Companies avoiding raises, looking to other forms of compensation
In lieu of annual raises, employers have been leaning on more creative and less expensive ways to compensate their workers.
Data have shown that more businesses are shelling out perks that aren't as big of a hit to their bottom line, such as free gym memberships, more paid time off and subsidies for transportation.
And in this still-struggling economy, workers are taking these non-raise perks in stride.
According to Joy Schneer, professor of management at Rider University, employers have been more hesitant to give raises, especially on an annual basis, since the start of the recession late last decade.
"They'd rather give one-time things to their employees so that if times turn tough again, they're not locked into raises," she said.
Even a bonus is a safer bet than a salary bump.
"They're only committing to a one-time money figure so if the next year is lean, they just don't give you a bonus," Schneer said.
Luckily for employers, today's younger class of workers is receptive to compensation that may offer them more flexibility as opposed to financial security. They're less focused on saving and retirement and more focused on what they're getting at the moment.

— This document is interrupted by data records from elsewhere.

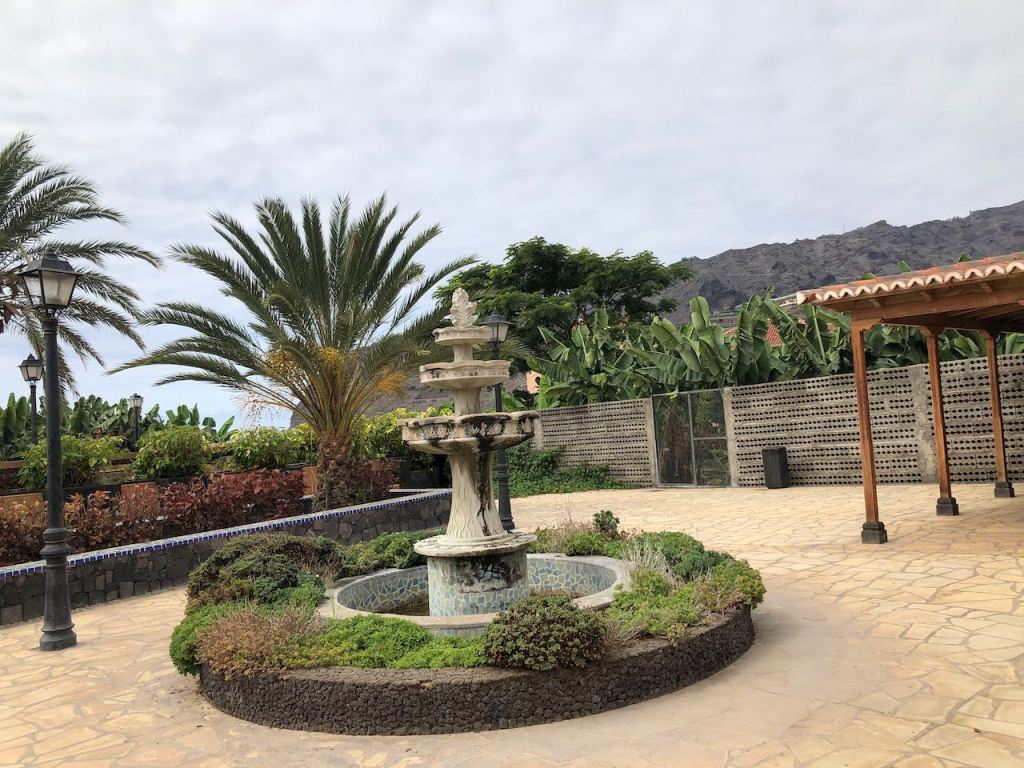 this plaza includes a little fountain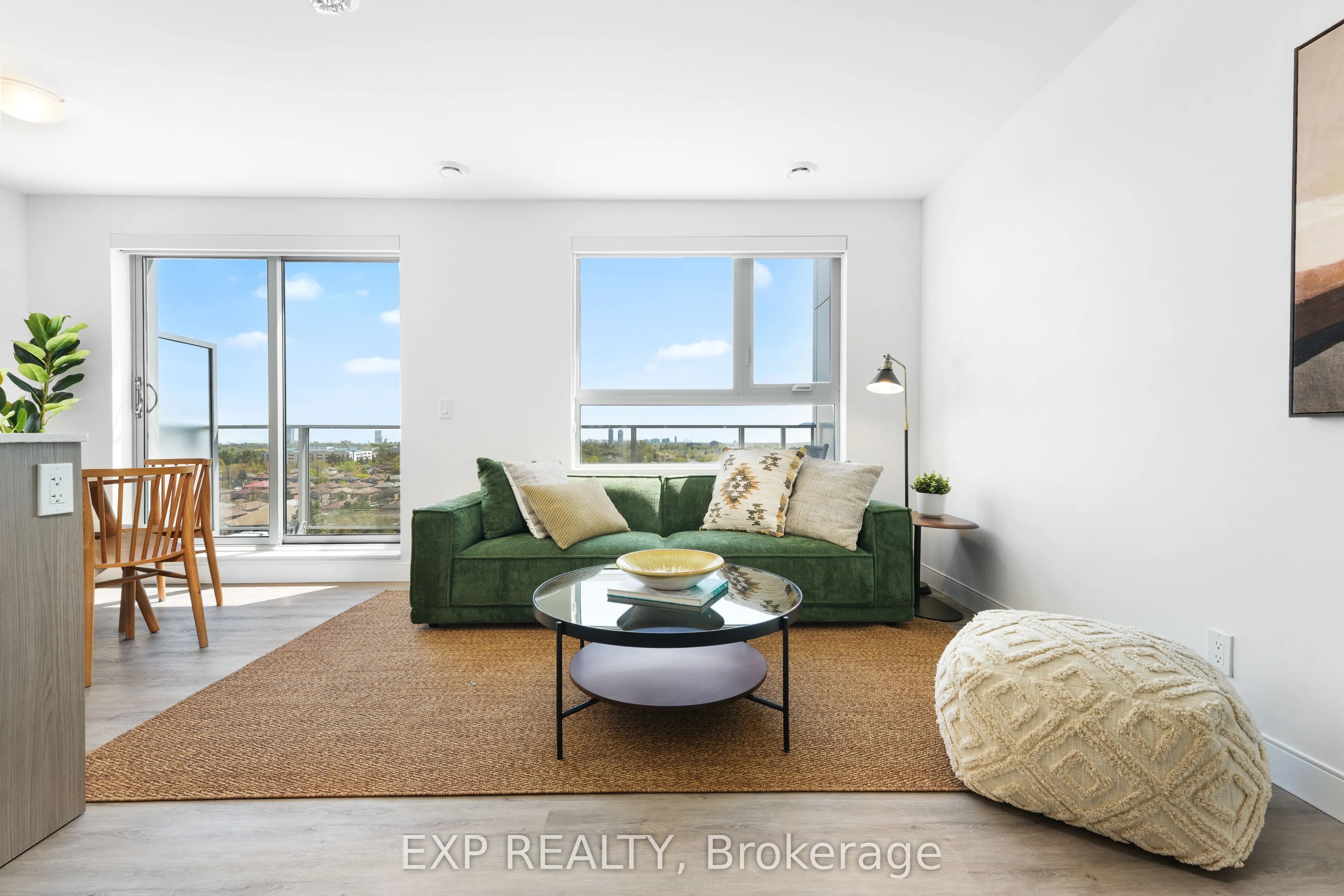 100 Manett Crescent, #411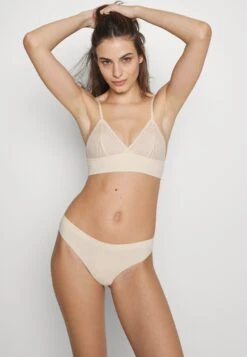 ONLY Onllaura Brazilian 2 Pack - Briefs - Nude -Pieces Shop c29200c48d514b8ab4e8af112a480ec8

That may not always be the case, though, when the economy eventually finds its footing and gets back to pre-recession performance. Many people right now are just happy they have a job and are getting paid, but once there's a general understanding that economic conditions are improving steadily and companies are back on track, workers may demand that increased pay be part of the equation.
"Even the millennials will wise up and say, 'No, I can get more money at this other company, so if you're not going to give me a raise, I'm going to leave,'" Schneer said, noting also that as minimum wage increases, so will the salary expectations of all workers.